When SonarQube is not working in cluster mode, generally, there's no issue: if the server crashes, the task is considered as in error or even restarted when SonarQube restarts. And the next analysis of the project is, as a consequence, correctly handled.
But, when SonarQube is working in cluster mode, if a node crashes while executing a task, the task will be considered as in progress until all the cluster nodes are stopped and restarted. And this will prevent any other analysis to be computed for that project.
Also, even when SonarQube is not in cluster mode, in some few cases e.g. if there is a short DB disconnection, a worker can fail to complete a task and to mark it as done.
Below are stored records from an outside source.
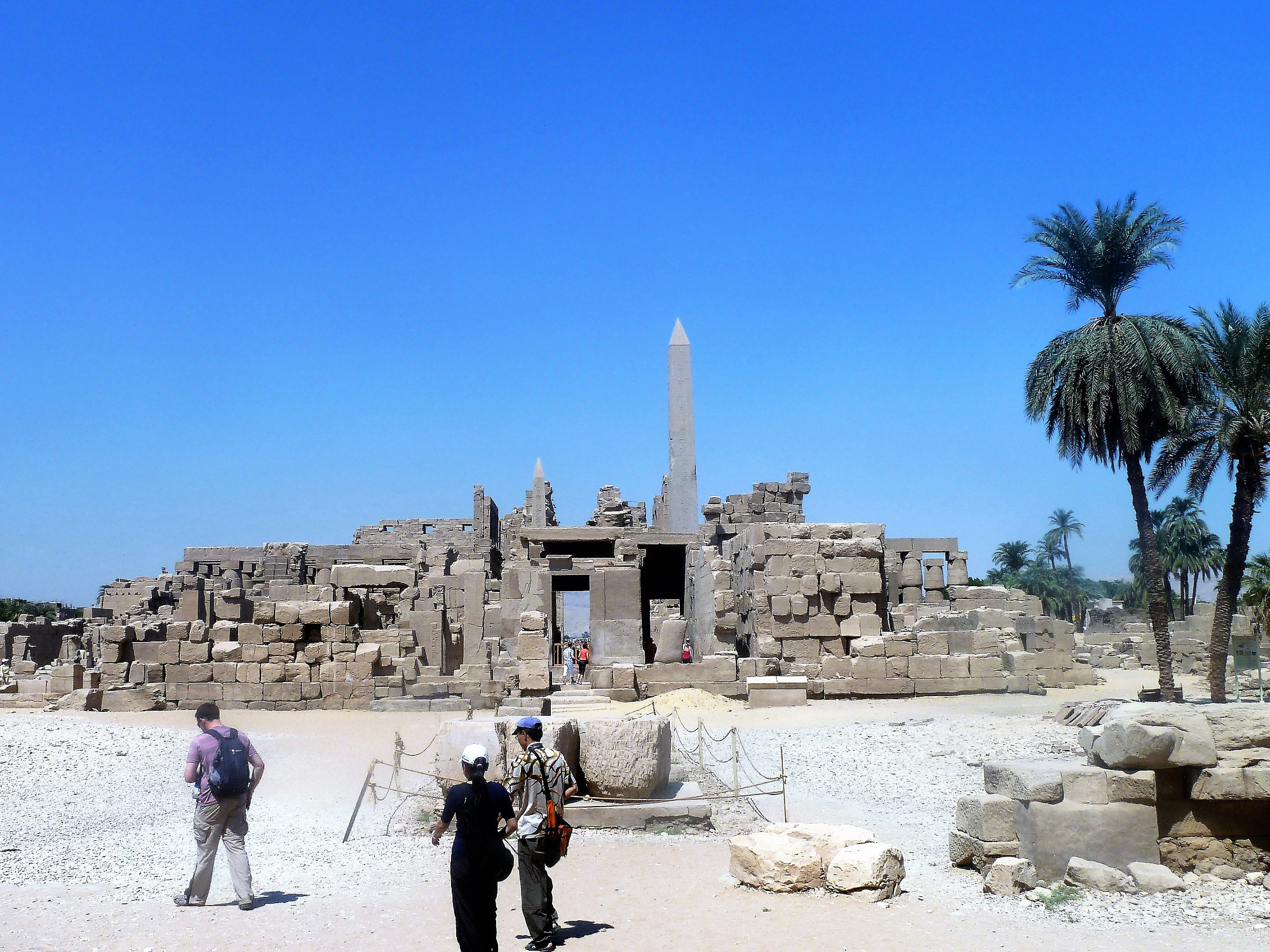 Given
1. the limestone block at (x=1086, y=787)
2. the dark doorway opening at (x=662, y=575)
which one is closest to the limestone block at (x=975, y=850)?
the limestone block at (x=1086, y=787)

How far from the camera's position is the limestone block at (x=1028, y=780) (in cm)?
709

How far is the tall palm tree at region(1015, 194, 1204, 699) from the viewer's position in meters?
17.3

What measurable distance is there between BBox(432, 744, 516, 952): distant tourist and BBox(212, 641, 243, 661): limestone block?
13.7 metres

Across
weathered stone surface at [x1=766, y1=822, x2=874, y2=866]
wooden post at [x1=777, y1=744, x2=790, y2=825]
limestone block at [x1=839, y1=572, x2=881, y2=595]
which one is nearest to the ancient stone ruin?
limestone block at [x1=839, y1=572, x2=881, y2=595]

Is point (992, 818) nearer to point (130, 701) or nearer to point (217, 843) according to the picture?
point (217, 843)

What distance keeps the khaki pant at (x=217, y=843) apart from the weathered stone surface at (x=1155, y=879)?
587 centimetres

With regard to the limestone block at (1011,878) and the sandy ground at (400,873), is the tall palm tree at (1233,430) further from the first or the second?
the limestone block at (1011,878)

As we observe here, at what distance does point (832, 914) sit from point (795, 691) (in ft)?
35.2

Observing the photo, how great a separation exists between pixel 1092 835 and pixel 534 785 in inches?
148

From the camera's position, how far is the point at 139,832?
9820mm

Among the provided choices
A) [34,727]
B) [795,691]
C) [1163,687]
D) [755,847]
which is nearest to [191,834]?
[755,847]

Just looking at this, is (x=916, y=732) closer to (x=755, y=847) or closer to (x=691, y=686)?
(x=691, y=686)

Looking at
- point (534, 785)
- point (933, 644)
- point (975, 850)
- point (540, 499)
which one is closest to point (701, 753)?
point (975, 850)

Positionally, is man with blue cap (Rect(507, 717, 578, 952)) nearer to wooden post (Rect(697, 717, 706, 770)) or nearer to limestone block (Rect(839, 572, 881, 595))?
wooden post (Rect(697, 717, 706, 770)) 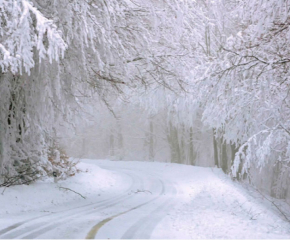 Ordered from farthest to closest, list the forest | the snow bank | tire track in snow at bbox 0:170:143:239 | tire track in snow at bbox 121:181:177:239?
the snow bank < the forest < tire track in snow at bbox 121:181:177:239 < tire track in snow at bbox 0:170:143:239

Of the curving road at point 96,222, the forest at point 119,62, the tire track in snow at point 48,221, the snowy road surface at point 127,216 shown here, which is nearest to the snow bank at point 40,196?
the snowy road surface at point 127,216

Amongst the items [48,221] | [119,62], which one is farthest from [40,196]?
[119,62]

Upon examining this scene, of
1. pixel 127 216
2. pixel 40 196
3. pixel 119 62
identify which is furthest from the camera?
pixel 40 196

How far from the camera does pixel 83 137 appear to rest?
5100cm

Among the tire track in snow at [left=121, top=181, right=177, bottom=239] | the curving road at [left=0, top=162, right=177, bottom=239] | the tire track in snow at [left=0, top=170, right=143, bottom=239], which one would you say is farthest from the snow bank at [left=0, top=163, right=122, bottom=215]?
the tire track in snow at [left=121, top=181, right=177, bottom=239]

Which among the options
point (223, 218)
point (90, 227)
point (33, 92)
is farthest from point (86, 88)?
point (223, 218)

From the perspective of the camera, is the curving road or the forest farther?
the forest

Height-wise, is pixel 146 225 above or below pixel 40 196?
below

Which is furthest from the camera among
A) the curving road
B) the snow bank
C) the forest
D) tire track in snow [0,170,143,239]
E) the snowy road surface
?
the snow bank

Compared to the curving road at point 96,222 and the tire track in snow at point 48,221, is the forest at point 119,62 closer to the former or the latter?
the tire track in snow at point 48,221

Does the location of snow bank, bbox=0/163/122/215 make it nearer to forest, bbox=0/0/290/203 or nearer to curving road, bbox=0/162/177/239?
forest, bbox=0/0/290/203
SonarQube is still operational, but the task is wrongly flagged as 'in progress', preventing any other tasks to be handled for that project.
The mechanism should be reentrant and should reset the status of stale "in progress" tasks so that an ops doesn't need to restart SonarQube for the tasks to be back to pending and for another Compute Engine to handle it.
- Each task will be associated with a unique id of worker so that we can know which worker is supposed to handle each task.
And workers ids should be different when a Compute Engine restarts to not think that stale tasks are still handled by new workers.
- To be able to know at a point of time which workers are down, workers will regularly share their status.
The solution will rely on Hazelcast when in cluster mode and on a in-memory info when not in cluster mode.
- Periodically, e.g. every 10 min, SonarQube will look at "in progress" tasks for which there's no associated worker or the associated worker is down. And each of those stale tasks will be put back to pending.
- Nice-to-have: In addition, when in cluster mode, this check can also be performed when the cluster gets the info that a node has just left.